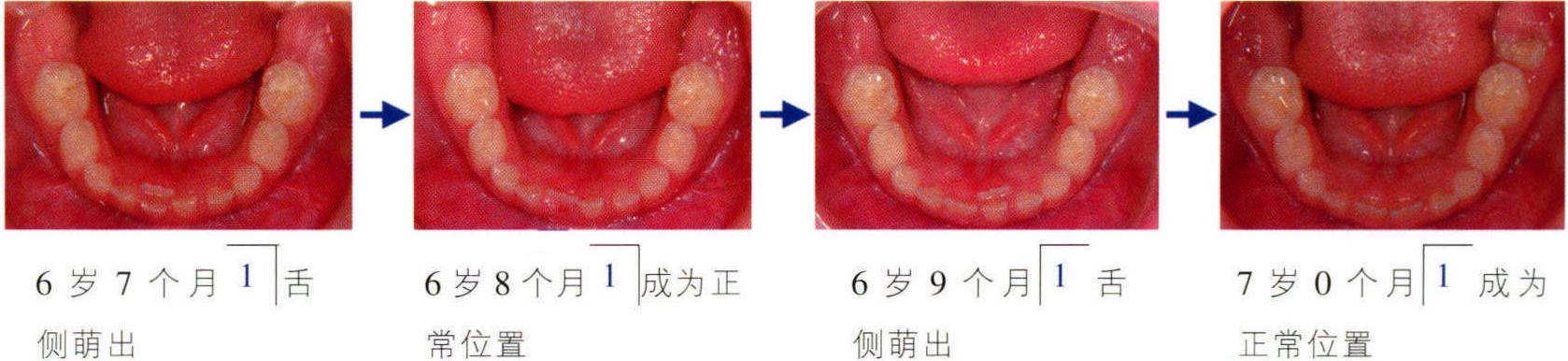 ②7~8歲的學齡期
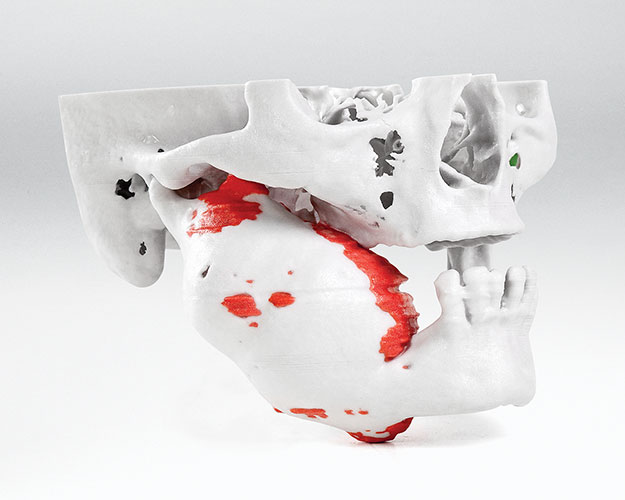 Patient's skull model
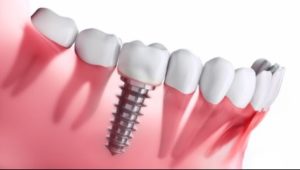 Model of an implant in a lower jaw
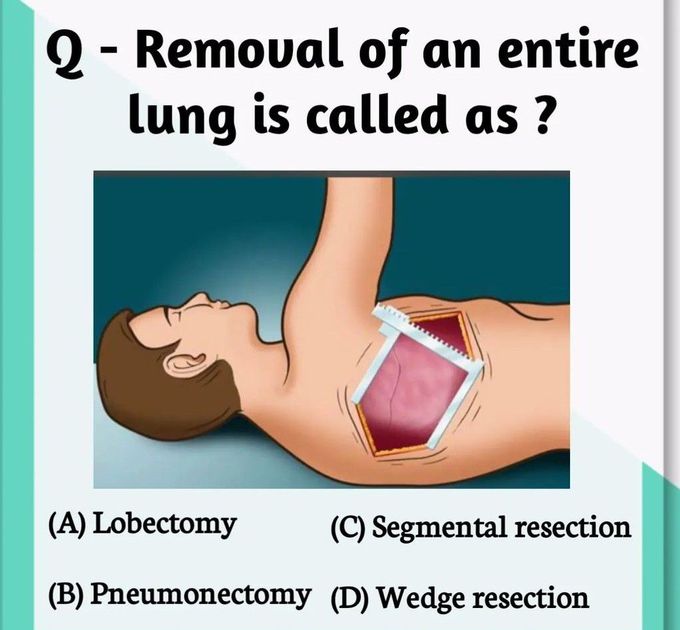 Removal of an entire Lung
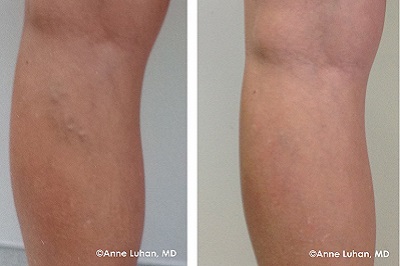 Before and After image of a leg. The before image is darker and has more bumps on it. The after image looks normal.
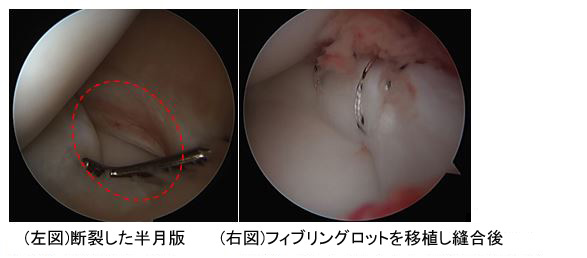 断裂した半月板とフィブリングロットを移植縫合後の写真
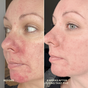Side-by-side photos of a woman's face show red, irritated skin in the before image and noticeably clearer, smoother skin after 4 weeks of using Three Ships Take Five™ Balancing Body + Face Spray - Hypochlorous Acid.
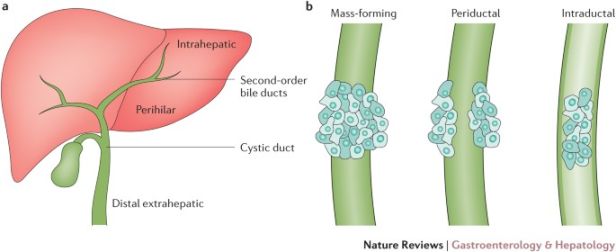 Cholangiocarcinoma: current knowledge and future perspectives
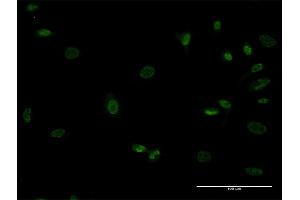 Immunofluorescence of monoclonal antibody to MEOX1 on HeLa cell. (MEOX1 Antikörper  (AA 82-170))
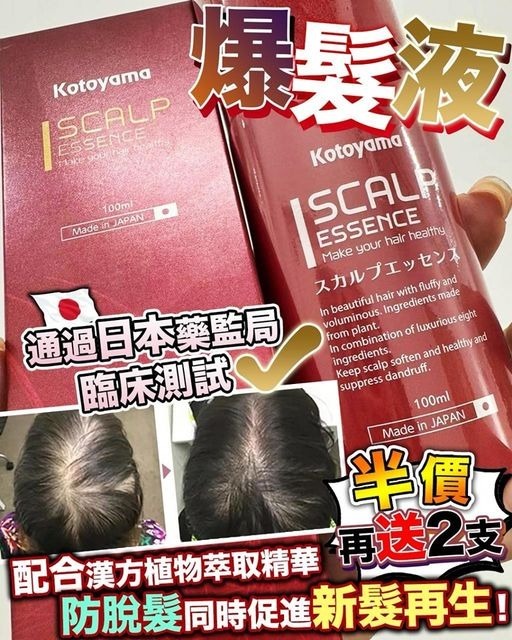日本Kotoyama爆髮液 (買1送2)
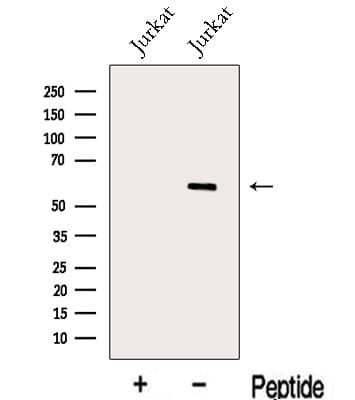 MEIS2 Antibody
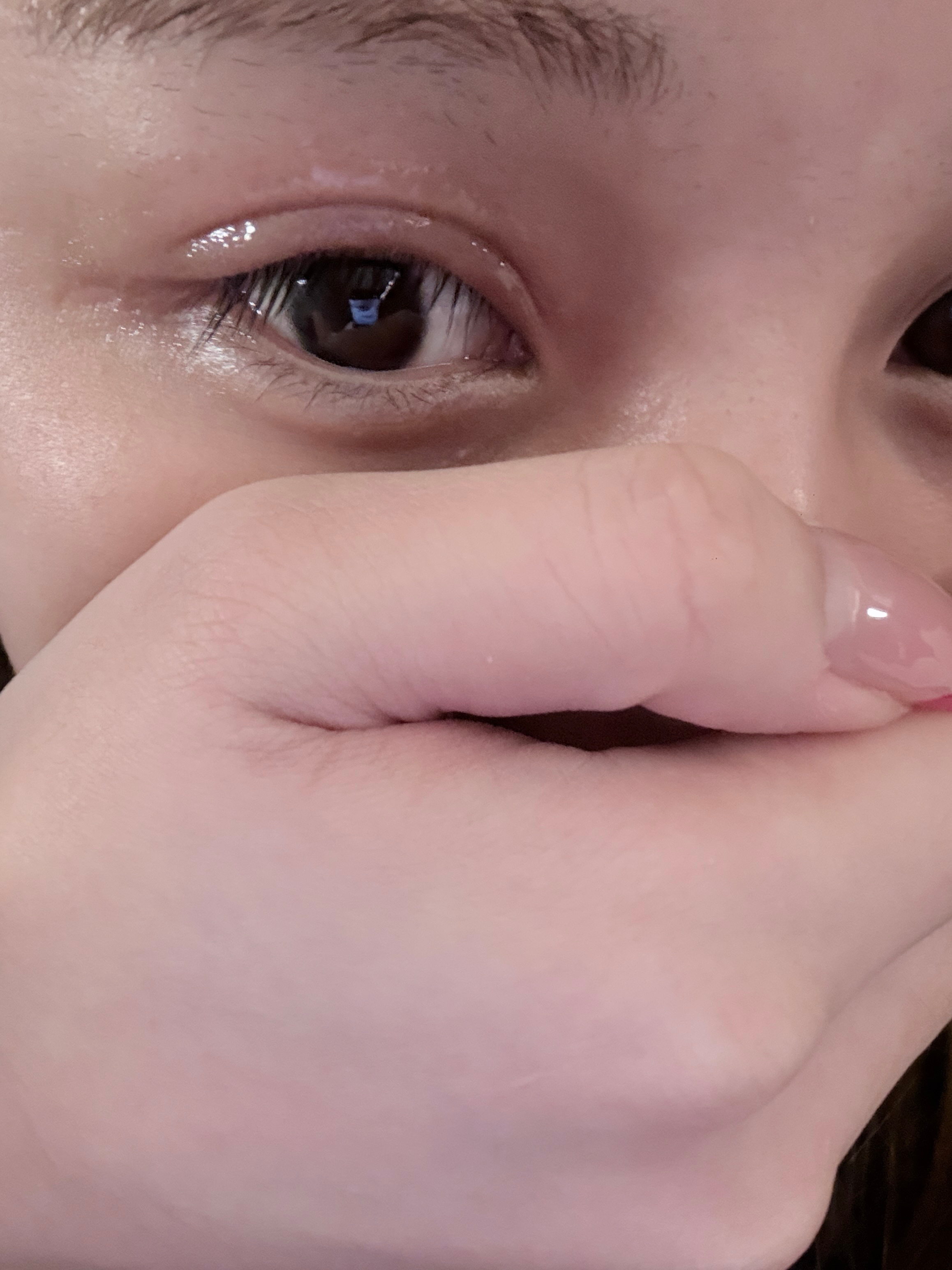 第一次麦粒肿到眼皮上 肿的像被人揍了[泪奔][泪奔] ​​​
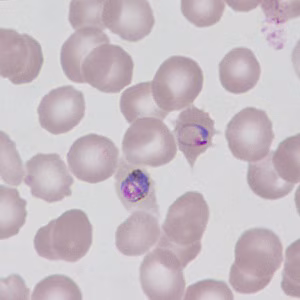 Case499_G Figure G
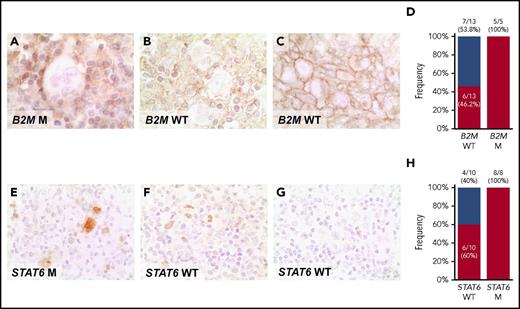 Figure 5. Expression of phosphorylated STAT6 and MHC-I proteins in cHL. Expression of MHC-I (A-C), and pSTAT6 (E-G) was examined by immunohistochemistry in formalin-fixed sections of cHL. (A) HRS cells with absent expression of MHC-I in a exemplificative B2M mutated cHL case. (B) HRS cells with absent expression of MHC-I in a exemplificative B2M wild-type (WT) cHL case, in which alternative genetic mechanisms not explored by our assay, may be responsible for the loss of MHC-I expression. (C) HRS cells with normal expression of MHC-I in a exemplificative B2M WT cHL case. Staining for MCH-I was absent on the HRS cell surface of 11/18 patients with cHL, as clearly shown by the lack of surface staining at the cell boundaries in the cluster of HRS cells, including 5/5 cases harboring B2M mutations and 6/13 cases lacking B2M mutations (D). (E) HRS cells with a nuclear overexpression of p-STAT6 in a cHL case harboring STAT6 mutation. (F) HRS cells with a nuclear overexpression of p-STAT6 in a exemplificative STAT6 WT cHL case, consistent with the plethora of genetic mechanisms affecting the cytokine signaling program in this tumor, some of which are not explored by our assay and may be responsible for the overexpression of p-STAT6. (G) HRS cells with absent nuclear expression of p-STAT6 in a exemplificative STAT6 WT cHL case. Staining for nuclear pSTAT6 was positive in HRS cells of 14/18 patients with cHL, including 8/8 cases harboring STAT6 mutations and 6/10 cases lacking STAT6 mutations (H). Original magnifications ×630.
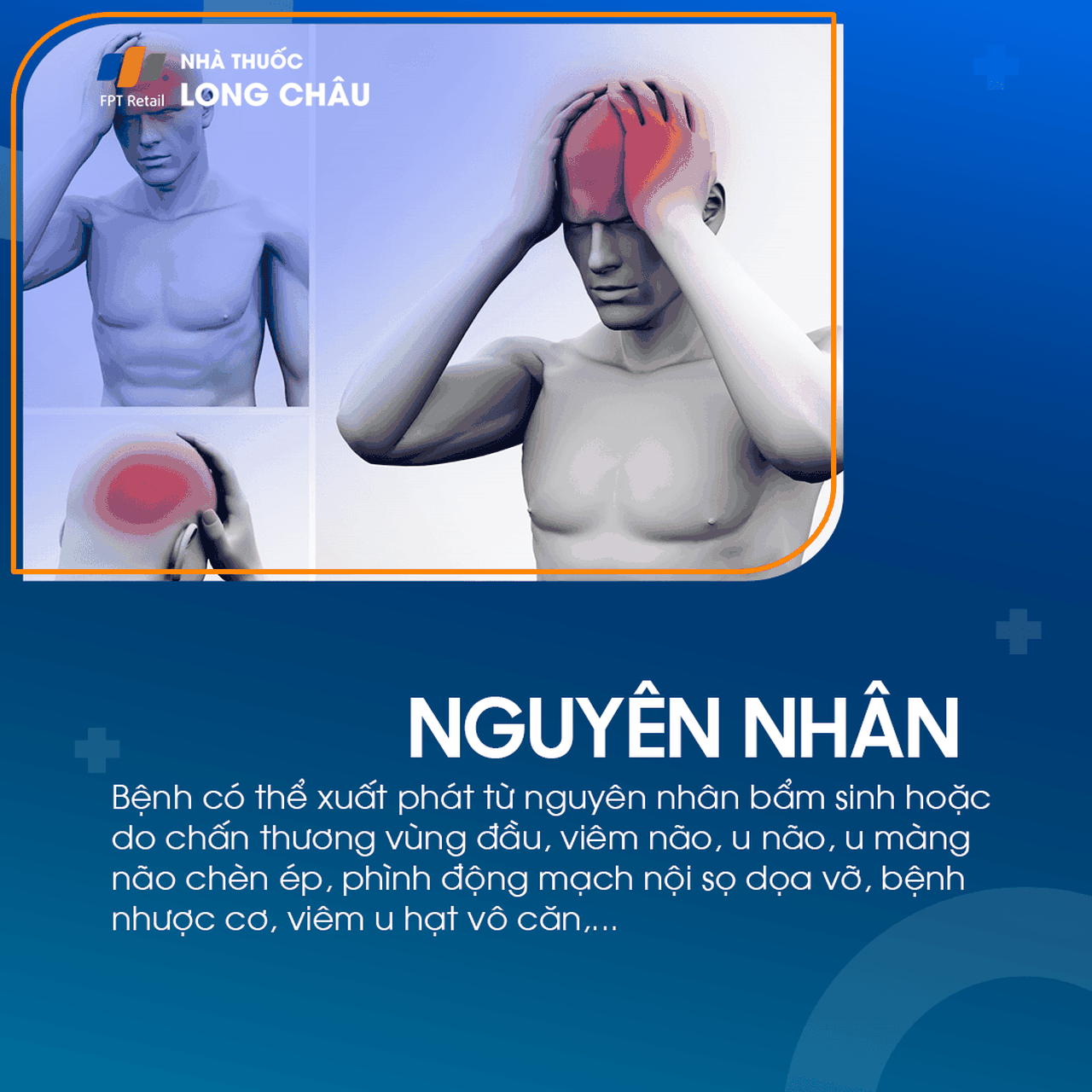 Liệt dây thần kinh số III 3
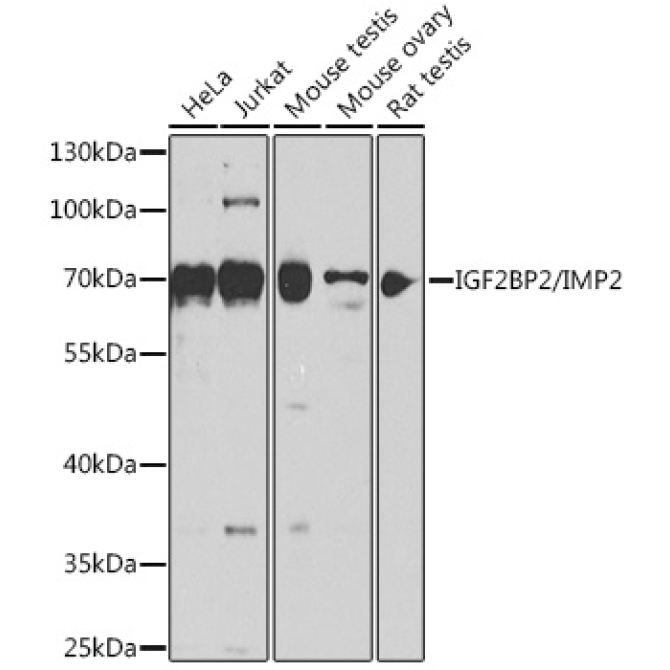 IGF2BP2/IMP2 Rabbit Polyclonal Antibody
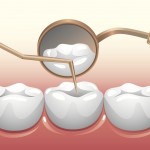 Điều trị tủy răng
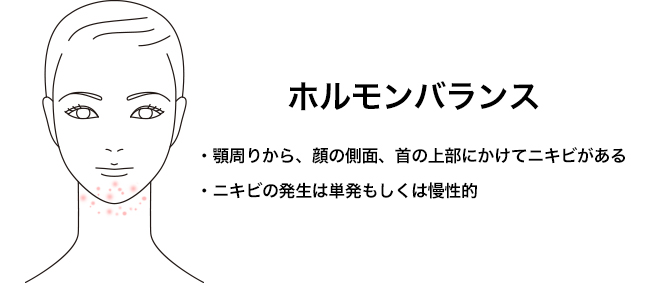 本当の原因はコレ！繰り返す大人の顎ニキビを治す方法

_Problem_
In the material above, the stretch from the line with "Model of an implant in a lower jaw" through the line with "断裂した半月板とフィブリングロットを移植縫合後の写真" is to be given again exactly, minus the pictures.

_Written response_
 Model of an implant in a lower jaw
 Removal of an entire Lung
 Before and After image of a leg. The before image is darker and has more bumps on it. The after image looks normal.
 断裂した半月板とフィブリングロットを移植縫合後の写真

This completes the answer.